The current political ideology of the Republican Party is not representative of the moral beliefs of most Southern Utahns and, even though we typically do not see eye-to-eye on individual issues, it is getting much easier to have conversations with Utah Republicans because we can both clearly see that the current administration is misguided and floundering.
The political rhetoric that is being spewed on the national stage and consuming the Republican Party and is making many Utahns uncomfortable and, although it has led to great frustrations for both sides, it has also opened up common ground!
Neither party is perfect — no matter which side of the aisle you favor. However, it is the reality of our two-party political system that one or the other will be in power. And, I have come to accept that I will be resisting and fighting for at least the next four years.
However, it is not likely that I will be resisting alone. The majority of the Utah Republican Party seems to be resisting right along with me. The Republicans ousted their current chair, James Evans, for a more moderate candidate in Rob Anderson.
Anderson admitted during his acceptance speech that there were now 36,000 fewer registered Republicans in Utah and emphasized that the Democratic Party was growing. Not only are they losing registered voters, but their finances are in “shambles.”
Anderson admitted to the party being some $450,000 in debt — not a pretty picture for the party of fiscal responsibility.
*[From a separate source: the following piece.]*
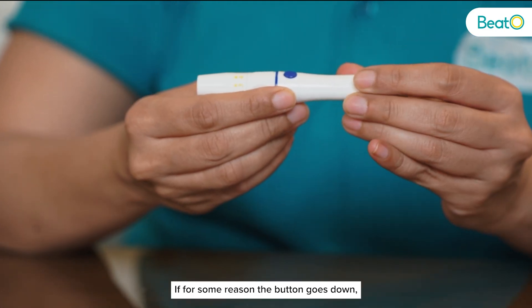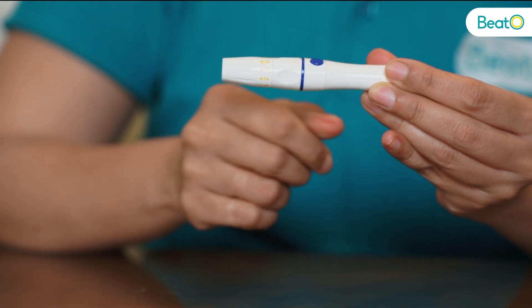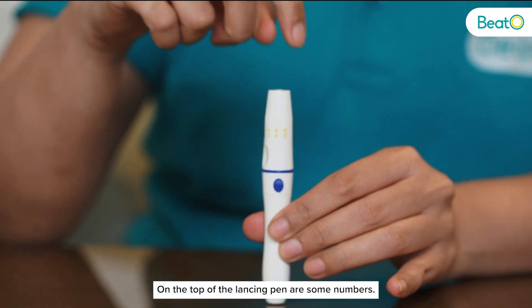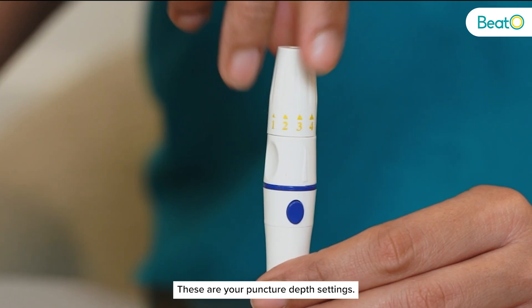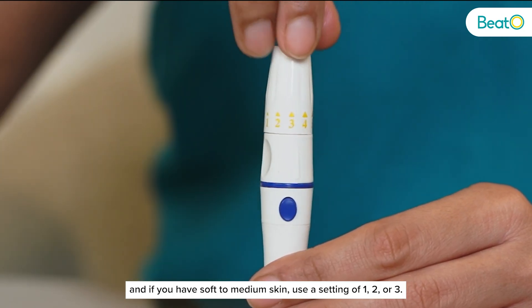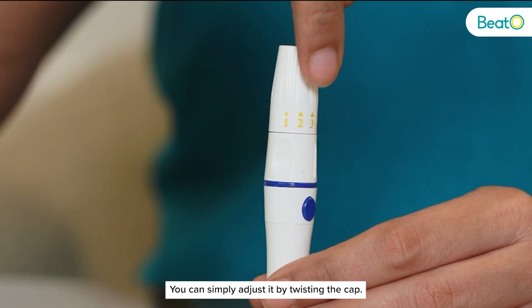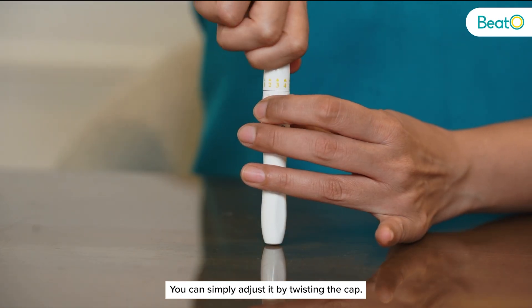If for some reason the button goes down, you can simply pull the trigger like this and get the button up again. On the top of your lancing pen are some numbers — these are your puncture depth settings. If you have hard skin use a setting of 4 or 5, and if you have soft to medium skin use a setting of 1, 2 or 3. You can simply adjust it by twisting the cap.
Additionally, there was a report out recently, published by the Salt Lake Tribune on May 26, that LDS millennial voters are aligning more with the Democratic Party than previous generations.
I have witnessed this first-hand with young LDS populations. Social issues such as women’s rights, gay marriage, immigration, the environment, and even health care reform are difficult to ignore in society today. The views of the younger generations are more liberal than in the past and they are unapologetic about their opinions.
Once again, bringing common ground to the two parties and giving hope for the future of Utah politics.
So, today, I celebrate being a Utah Democrat. Our progress in Utah is measured much differently than in most states, but we are making progress nonetheless. We move forward knowing that we are on the right path and as long as we are willing to put one foot in front of the other, that journey will lead to changing Utah’s political climate.
I hold my head high knowing that we have a number of strong candidates for Utah State chair, vice chair and other executive committee positions. These leadership positions will be filled at the Utah State Democratic Organizing Convention on June 17 on the campus of Weber State University.
Be certain to keep an eye on all the good things that are about to happen within the Democratic Party in Utah.
Lynn Matthews is chair of the Washington County Democratic Party.